The life-changing magic of paying someone else to tidy up | Stuart Heritage

‘Mindfulness isn’t easy when you’re going hammer and tongs around the clock to equalise your domestic situation.’
‘Mindfulness isn’t easy when you’re going hammer and tongs around the clock to equalise your domestic situation.’ Photograph: Choreograph/Getty Images/iStockphoto

You’re not happy. Of course you’re not. Every moment of your life is accounted for, down to each agonising second. You wake up, you make breakfast. You wash up, you put some laundry on, you leave for work. You grind yourself down to a blistered nub at a job you resent, then you buy food on the way home, vacuum, help your kids with their homework, cook dinner, put your kids to bed, wash up, sort the laundry out and enjoy 45 seconds of a B-grade American prestige drama before you pass out from exhaustion fully clothed on your sofa. You did this yesterday, you are doing it today, and you will continue to do it every single day until you die. Of course you’re miserable.

But it doesn’t have to be this way. After decades spent flailing around in the dark, science has finally revealed the true path to happiness. The answer? Servants.

OK, fine, not servants exactly. But cleaners. If you spend £30 on a cleaner, you will be much happier than if you spent the same amount on material goods, according to researchers at the University of British Columbia, in Canada. They asked more than 6,000 adults in the US, Canada, Denmark and the Netherlands, including 800 millionaires, questions about how much money they spent on buying time.
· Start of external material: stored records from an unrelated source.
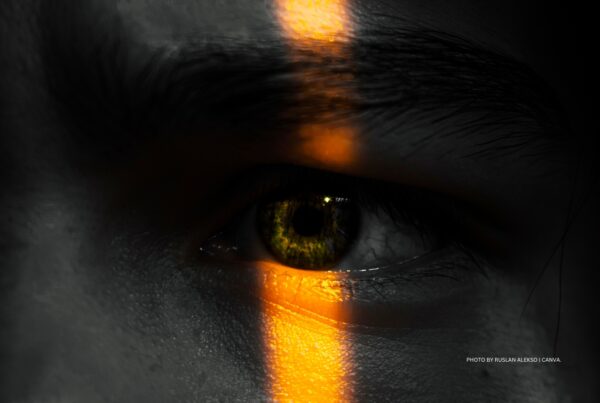 This image shows a human eye with a bar of light running down the middle. Photo by Ruslan Alekso | Canva.
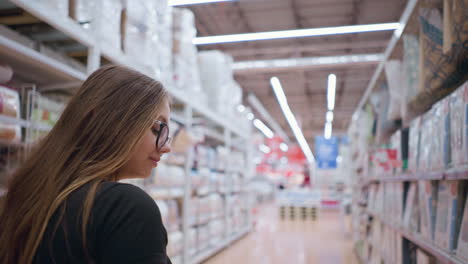 back view of woman in black top adjusting hair while looking at products on store shelf, blurred retail environment with bright lighting, stocked textile goods, and modern supermarket interior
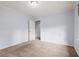 Neutral bedroom with carpet, baseboard trim, and an attached closet at 3655 Autumn Ridge Pkwy, Marietta, GA 30066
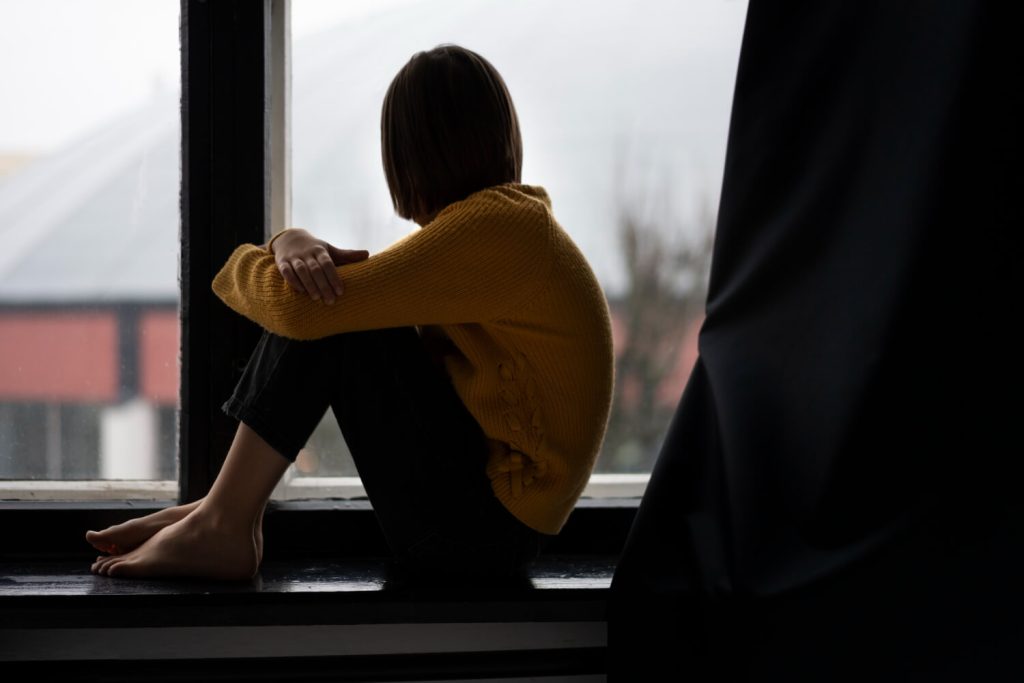 woman sitting on the ledge of the window - passive suicide ideation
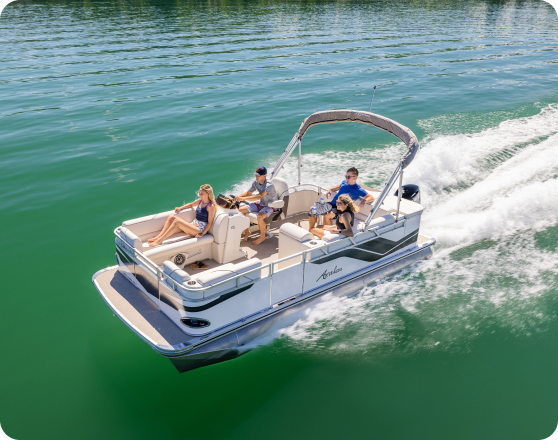 A motorboat cruises on clear green water, carrying four people under a partially shaded canopy. Two sit at the front, one at the helm, and one at the back. The boat leaves a wake behind as it speeds forward, illustrating a sunny day on the water—the perfect scene to inspire anyone to buy pontoons.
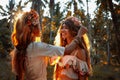 Two beautiful young woman in summer dresses outdoors at sunset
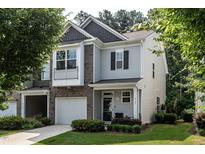 Charming townhome with attached garage, well-manicured lawn, and welcoming covered entrance at 6147 Beale Loop, Raleigh, NC 27616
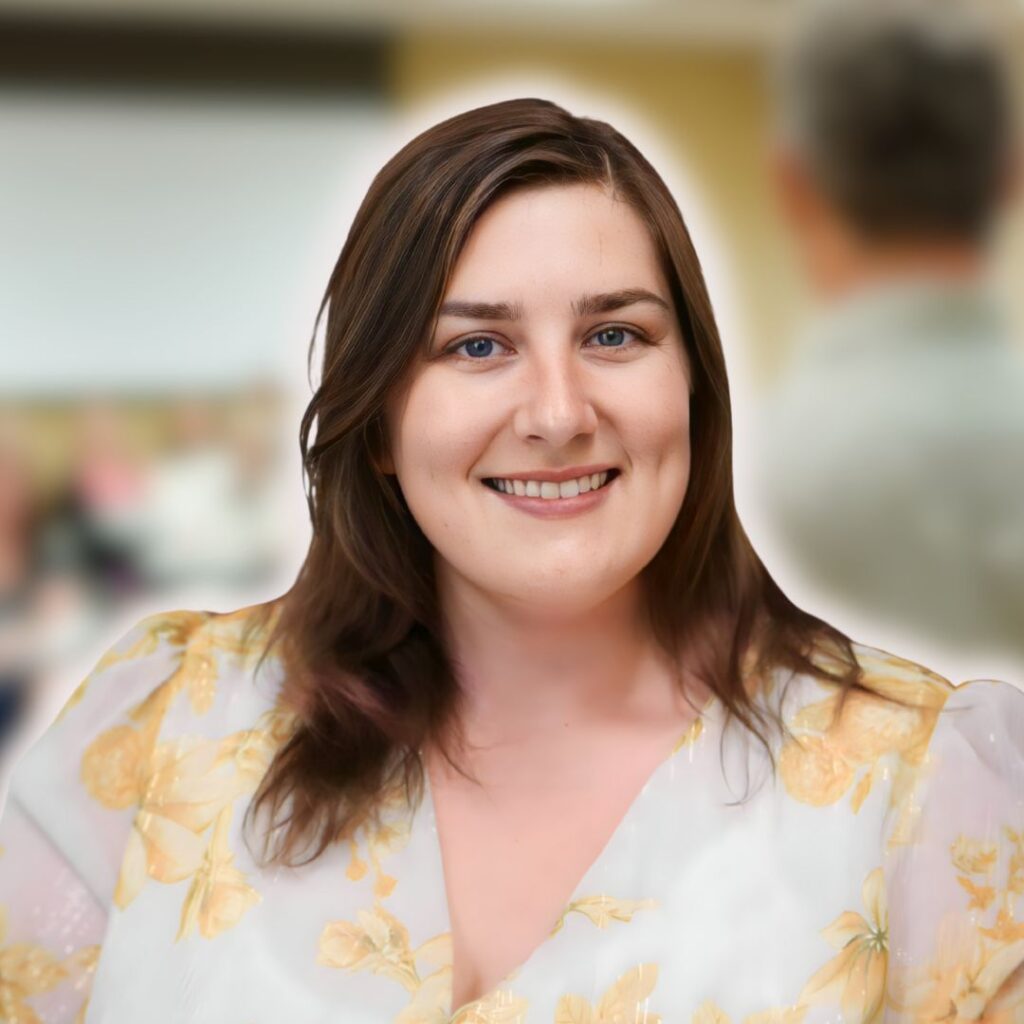 Smiling woman with long brown hair in a floral blouse, representing personalized coaching and mentorship for intuitive growth and business strategy.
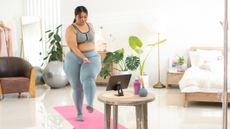 Woman exercising at home in front of a tablet on a coffee table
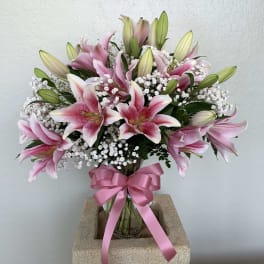Pink lilies in a glass vase with a pink ribbon bow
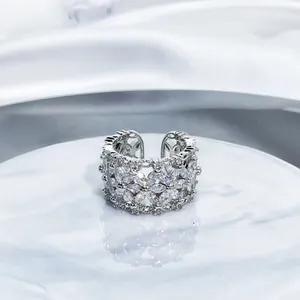 Detailed macro view of silver open ring encrusted with marquise sparkling stones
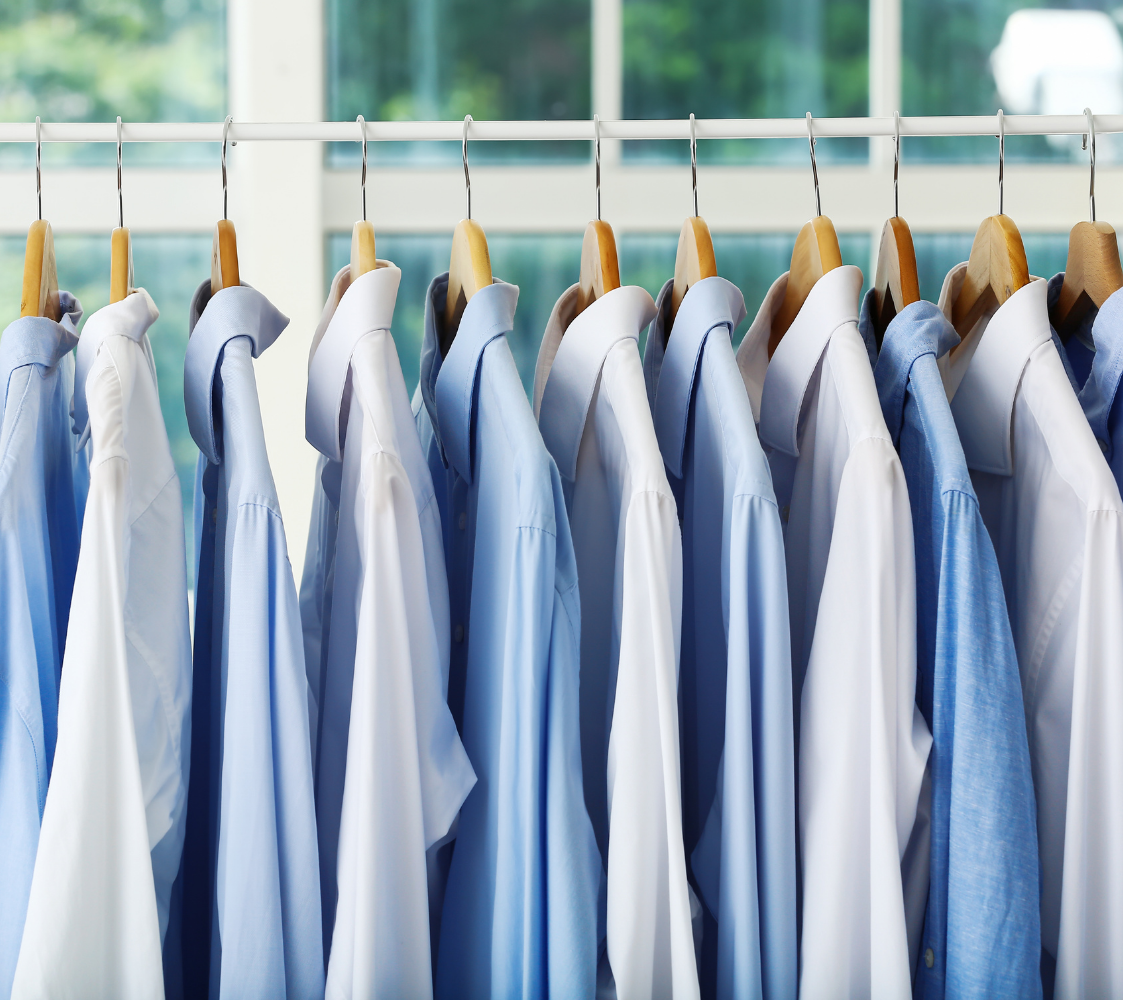 A row of men's dress shirts in shades of blue and white hanging on wooden hangers on a metal clothing rod, with a window in the background letting in natural light.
Admittedly, the entire premise of this study was set in a magical wonderland where people have £30 to spend because their basic outgoings don’t already exceed their combined household income. Nevertheless, the theory goes that you’re not actually hiring someone to clean your house – or put up a shelf, or fix your leaky tap, or perform any number of other household chores; instead, you’re buying time. Time for you. Time you can spend grabbing a lungful of clean air amid the relentless drudgery of adulthood. Time you could spend learning a new language, or meeting like-minded people. Catching up on books you haven’t read, or films you haven’t seen. Or just easing your foot off the pedal a little. Everyone keeps telling you how important is it to be mindful, but mindfulness isn’t easy when you’re going hammer and tongs around the clock to equalise your domestic situation.

If that’s the case, this research makes perfect sense. You’ve been breaking your back Marie Kondo-ing your stamp-sized home into a state of relative emptiness, but all the while you just needed to experience the life-changing magic of paying someone else to tidy up.

Suddenly, everything makes sense. So long as you ignore obvious outliers, such as Arthur, half of Downton Abbey and Batman – all of whom had the strength of mind to remain staunchly glum despite their army of paid helpers – it’s perfectly clear that the key to lasting bliss is to delegate unpleasant tasks.

The worst thing about life is that there’s never a day off. A case in point: one day last week, I did three loads of washing, one after the other. I did so much washing that, for the first time in months, I saw the bottom of my laundry basket. “This is it,” I thought to myself. “I have completed laundry once and for all.” So I relaxed, safe in the knowledge that all my clothes were clean. Flash-forward to today, and the only clean pants I’ve got left are the crap ones my mum bought me for Christmas when she thought I was even more startlingly obese than I am.

Chores aren’t video games. There isn’t a final level with a boss battle. The moment you’ve finished, they reset and start again. Your dinner always needs cooking. Your path always needs weeding. And lawns! When I was making all that fuss about leaving London a couple of years ago, nobody warned me about lawns. A lawn, it turns out, is basically a carpet that is determined to kill you. You have to spend one afternoon a week attacking it with motorised knifes, otherwise it rises up and overwhelms you. Lawns are stupid. The countryside is stupid. It’s full of even more busywork for you to do.

Paying someone to share the load is bound to make you happier. Especially compared with buying things. Things are one of the greatest causes of stress around. Things take up room. My birthday is three weeks away, and I’m already bristling at the prospect of finding places to put any presents I receive. My house is already three Tupperware containers away from being the subject of a Hoarder Next Door documentary. I would much rather that money was spent on removing things rather than obtaining them.

Not to be trite, but time is the greatest luxury we have. We aren’t here for long, and nobody in the history of the world has ever died wishing they spent more time scrubbing at grout with a toothbrush. You just need one fleeting graze with mortality to realise that. Which isn’t to say that you should check out of all your obligations altogether, because a life without toil is a life without purpose. However, opportunities for happiness are few and far between. If striking that balance means getting someone in to clean the oven every few weeks, you would be a fool to miss it.